Call for Chapters: Piracy: Leakages from Modernity

Call for Chapters

Piracy: Leakages From Modernity

Edited by Martin Fredriksson (Linköping University) and James Arvanitakis (University of Western Sydney)

Published by Litwin Books

We are inviting proposals for chapters for an anthology on Piracy planned to be published by the end of 2012.

‘Piracy’ is a concept that seems everywhere in the contemporary world. From the big screen with the dashing ‘Jack Sparrow’, to the dangers off the coast of Somalia; from the claims by the Motion Picture Association of America that piracy funds terrorism, to the political impact of pirate parties in countries like Sweden and Germany. While the spread of piracy provokes responses from the shipping and copyright industries, the reverse is also true: for every new development in capitalist technologies, some sort of ‘piracy’ moment emerges.

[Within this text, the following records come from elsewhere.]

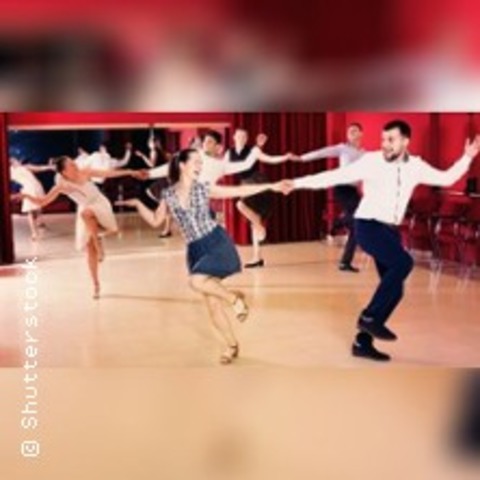 Tanz-Workshop Swing in Paretz - KETZIN/HAVEL OT PARETZ - 30.07.2025 18:30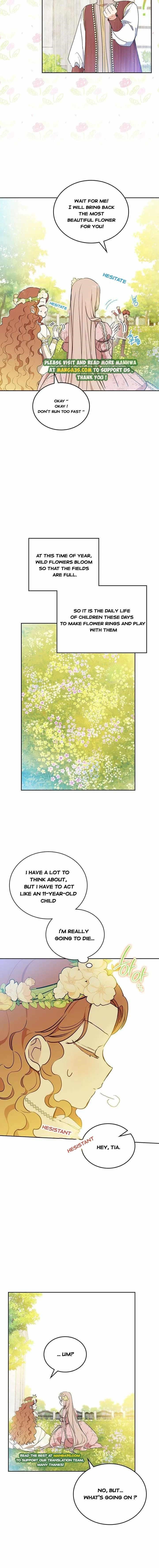 I’ll Be the Matriarch in This Life Chapter 82 - Page 8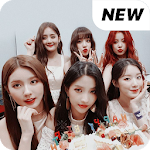 Cover Image of Unduh (G)I-DLE wallpaper Kpop HD new 1.0 APK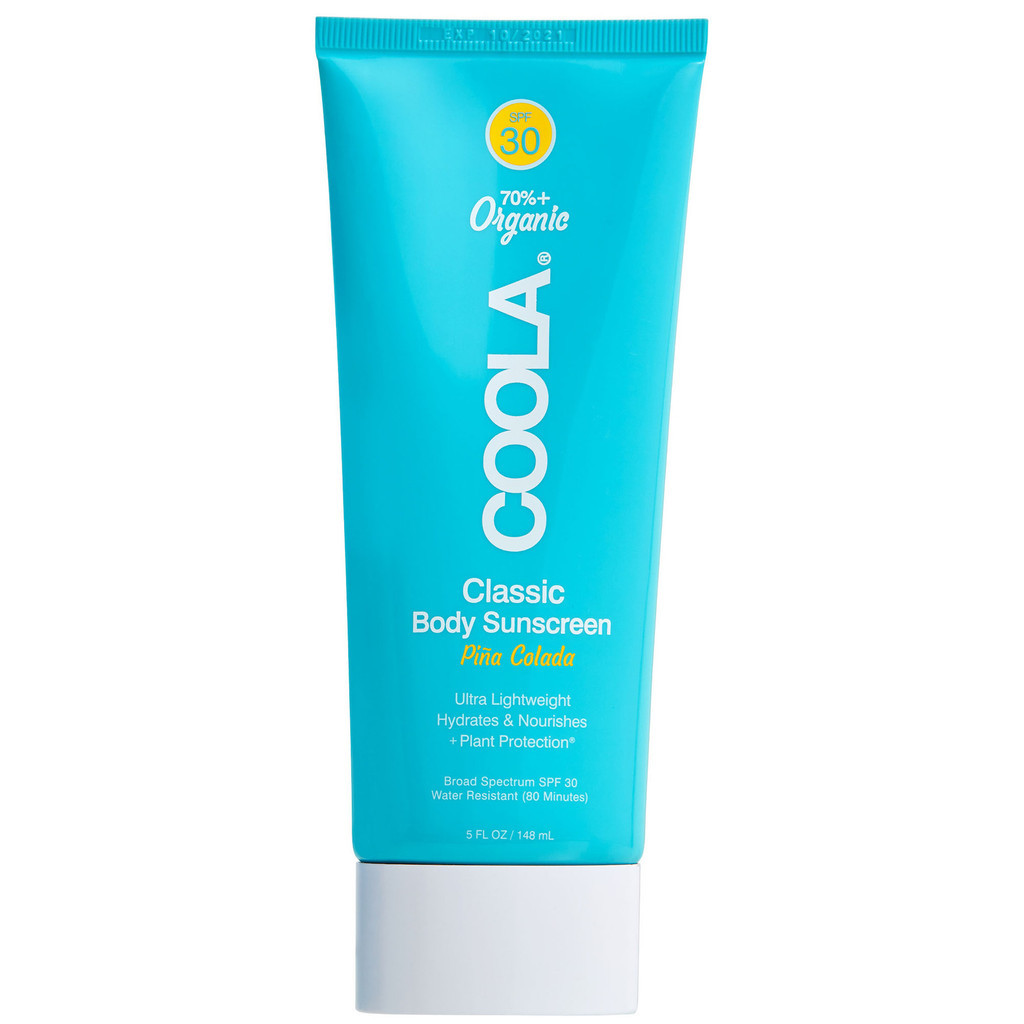 Coola Classic Body Lotion Pina Colada SPF30 148 ml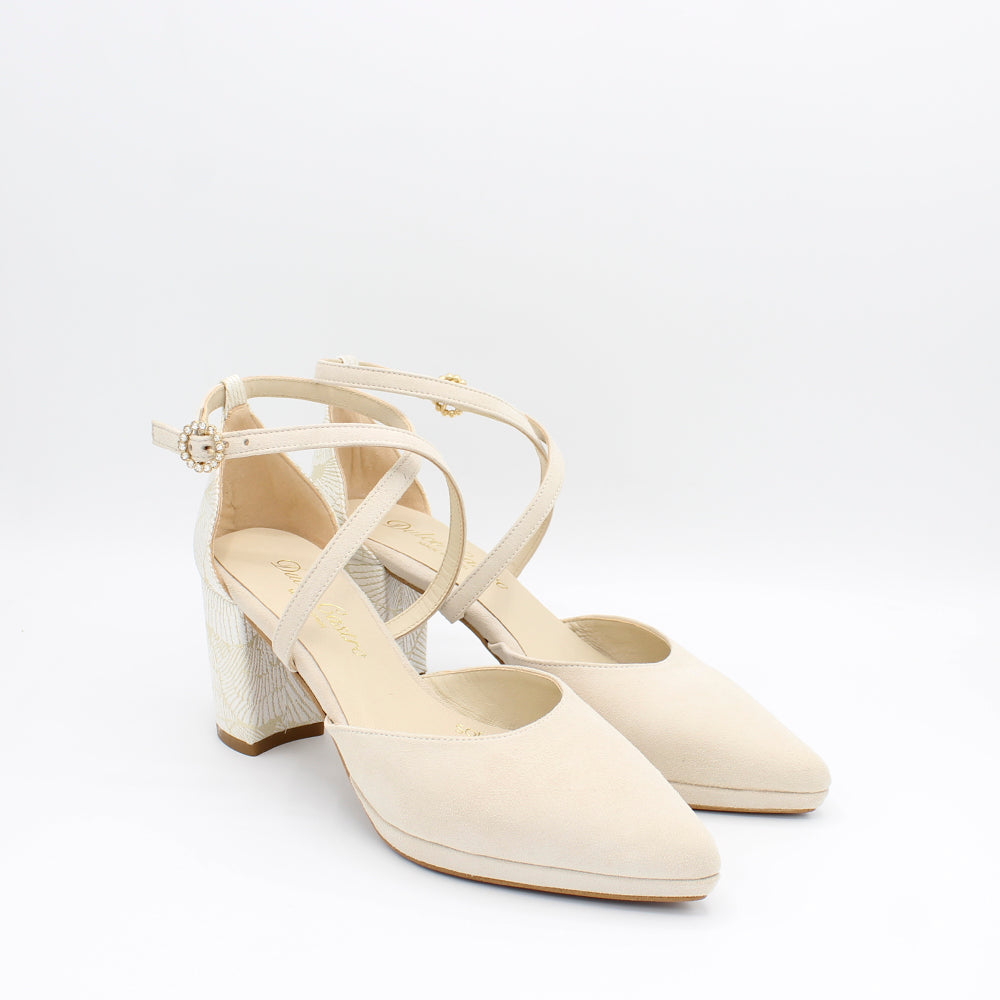 ANTE MARFIL, SHELL BLANCO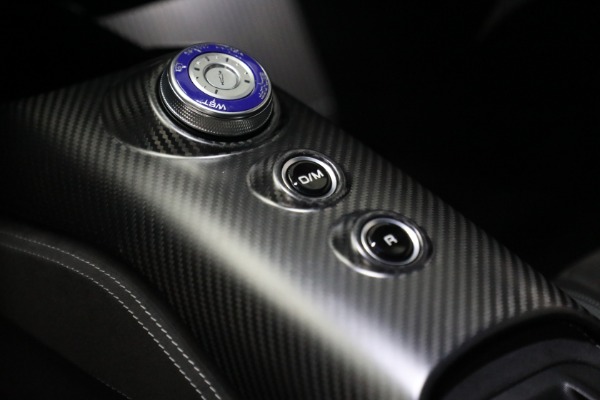 Used 2022 Maserati MC20 for sale Call for price at Bugatti of Greenwich in Greenwich CT 06830 19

This is maybe most obvious in the current ideologisation of Internet piracy where the rapid spread of so called Pirate Parties is developing into a kind of global political movement. While the pirates of Somalia seem a long way removed from Internet pirates illegally downloading the latest music hit or, it is our assertion that such developments indicate a complex interplay between capital flows and relations, late modernity, property rights and spaces of contestation. That is, piracy seems to emerge at specific nodes in capitalist relations that create both blockages and leaks between different social actors.

These various aspects of piracy form the focus for this book, preliminary entitled Piracy: Leakages from Modernity. It is meant to be a collection of texts that takes a broad perspective on piracy and attempts to capture the multidimensional impacts of piracy on capitalist society today. The book is edited by James Arvanitakis at the University of Western Sydney and Martin Fredriksson at Linköping University, Sweden, and published by Litwin Books, USA. It is open for recently unpublished articles from all academic disciplines and we particularly welcome contributions by young and emerging scholars.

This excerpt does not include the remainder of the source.